Terry was supposed to have been home by now. Done with all this. That was the deal. Pete had made dinner, fed the kids, took care of the dog, the cats, the dishes, the laundry, the playdates, the bills…keeping himself active now to stem the barrage of disaster scenarios. Accidents and phones dead and emergency rooms and—
He took a deep breath. Two. Three. Four. Checked his phone again to make sure he hadn’t missed her. Some accident of interstellar space keeping her voice from its landing pad, some defect in the system. Once he had two voice mails and the little button on his phone never told him.
Nope. Nothing.A low rumble started from far away. He felt it in his fingertips, pressed against the countertop. The rattle in the windows pounding in his heart.
“Dad. Dad!” Mark, all of seven, came barreling in, hair askew, eyes wild. “Dad. It’s one of those big planes. I can tell by the lights! Come see!”
A fifth breath. He’d been hearing more and more of those engines shaking the house. Cargo planes from the air force base, an hour away. Headed god knows where with how much killing power.
He went outside with his son. A clear, cold night. Stars twinkling. The sort of night Terry had written poems about, before she took on this new assignment… Before she tore a hole in the tapestry of their everyday. Before terrible meals and unmade beds and lonely nights. So many lonely nights. He knew this was the deal. Didn’t mean he liked it. Didn’t mean he hadn’t had the occasional fantasy of driving to Washington and punching a few politicians in the face.
“Dad!” Mark was shouting, pointing up.
Pete had never seen lights move that slowly across the sky. Hovering. Taking one last, long glimpse at what its passengers would be leaving behind.
“I think it’s a Galaxy!” Mark waved. As if the people on board could see him. “Like the one Mom was in! Dad. You think she’ll come back in one, too? Maybe this time we can see it?”
His throat tightened. His hand landed on Mark’s thin, twitchy shoulder. “Yeah. Maybe. We’ll see. Let’s go in now, son. Cold out here.”
He went back to busywork, diverting his attention. Long ago he’d stopped watching the news; he didn’t want to know what had exploded where. “Just keep in touch when you can,” he’d said, mustering all his energy to quash some Y chromosome throwback—or voice of his father—telling Terry that her place was with them. Not in some godforsaken country doing thankless work for ungrateful leaders, where every day could be her last.
“I have to try,” she’d said. A near-death experience shining a new light in her eyes, as bright as the stars she wrote about. “I have skills they need. Getting girls into schools. Teaching them to read, to have a chance to improve their lives. I have to serve.”
“But couldn’t you do that here? Somewhere safe?”
She laughed, a soft laugh, pressing a cool hand to his cheek. A strong hand, one that had held babies through sickness and health, through joy and pain. Yet tender enough to calm his greatest fears.
She couldn’t calm this one. It would have been so easy: don’t go.
He’d reasoned, he’d fumed, he’d tried so many ways to get her to see things from his point of view. But in the end he gave up the fight. Because he eventually realized that when she came home—and he wouldn’t even allow “if” into his head—he wanted her to come home to him.

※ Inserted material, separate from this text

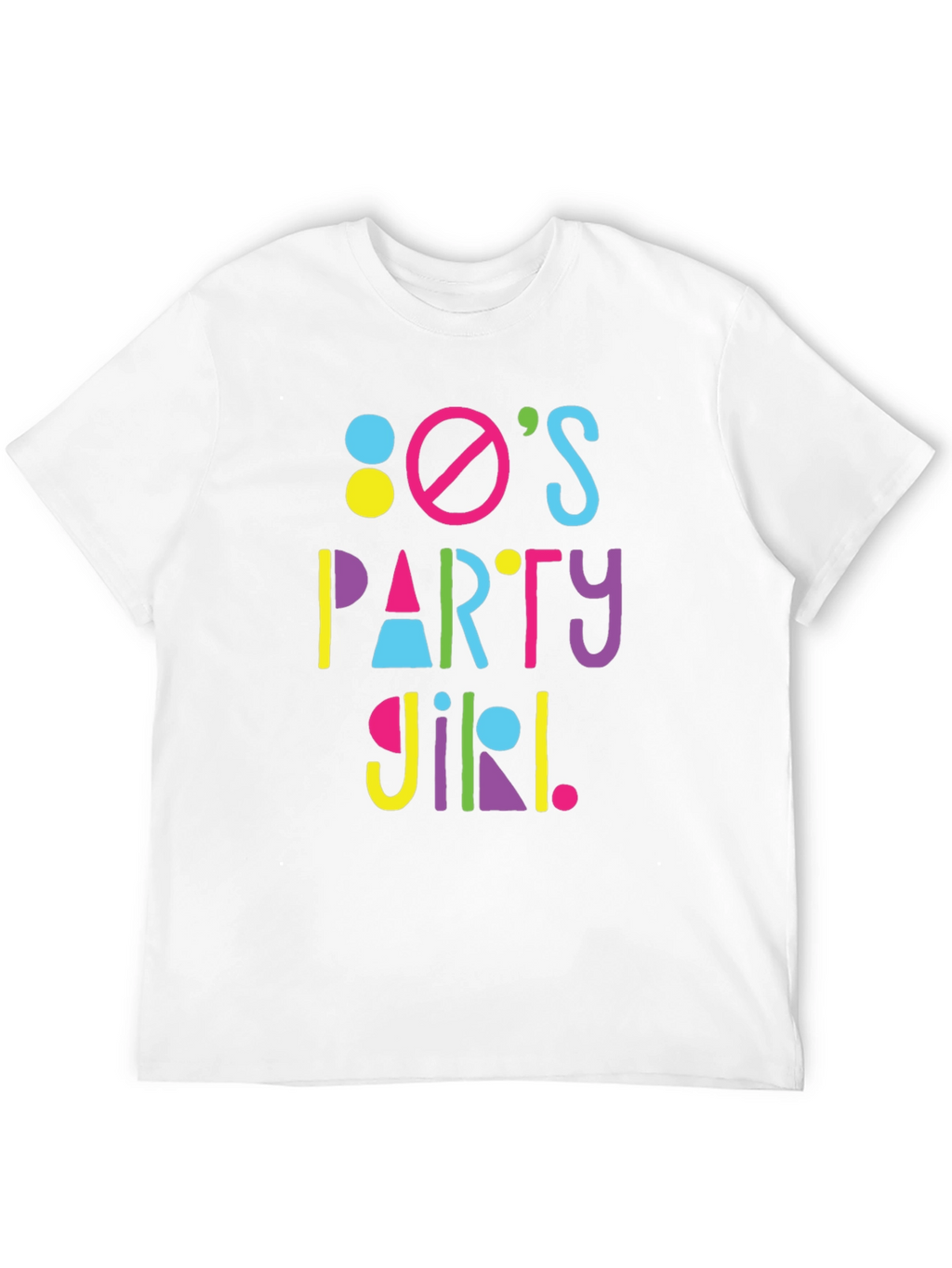 80s Party Girl Graphic T-Shirt - Retro Fun!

Three months, she’d said. That was what she’d signed on for. Six months ago.
He put the kids to bed, watched something unremarkable on television, put a leash on the dog for one last, quick walk.
Half a block later, under a canopy of stars and silence, his phone rang.
Terry. His blood pressure dropped twenty points just hearing her voice, hearing her tell him about the work she’d done, the lives she’d bettered. He held his tongue each time he thought “what about our lives?” But then he saw a shooting star. Making a wish on it like his mother always told him. Wishing he could make peace with her decision.
“Honey, you still there?”
“Uh. Yeah. Sorry.” The connection was bad. Why did she sound so flat?
“I said, is next Tuesday good? Around six?”
“Good. Good for…?” Damn. So self-involved, so absorbed with how this was making his life a holy mess that he didn’t…
“For meeting me at the base. They’re done with me. I’m coming home. Or would you prefer I call an Uber?”
“Wait. Done with you?”
The pause broke his heart a little. In it, he imagined a frown, a shrug. A brave face. “No money, no nonessential services.”
Those bastards. “They can’t just—”
“Yeah.” The sound this time was a definite sigh. “They can.”
His Y chromosome went into overdrive. “We’ll find you something else. Some other way you can help. There are plenty of girls here, poor neighborhoods, schools that need help…”
Was that a laugh? It was a soft laugh, a little sad, but it made him stop. And smile.
“Whoa, cowboy,” she said. “I want to talk about that, I want to talk about all of it, but let’s wait until I get home, okay?”
“Yeah.” His voice broke. He cleared his throat. “We’ll do that, yeah.”
After they ended the call, he petted his patient dog’s soft ears, and the two of them finished their walk silently, gratefully, under the dome of stars.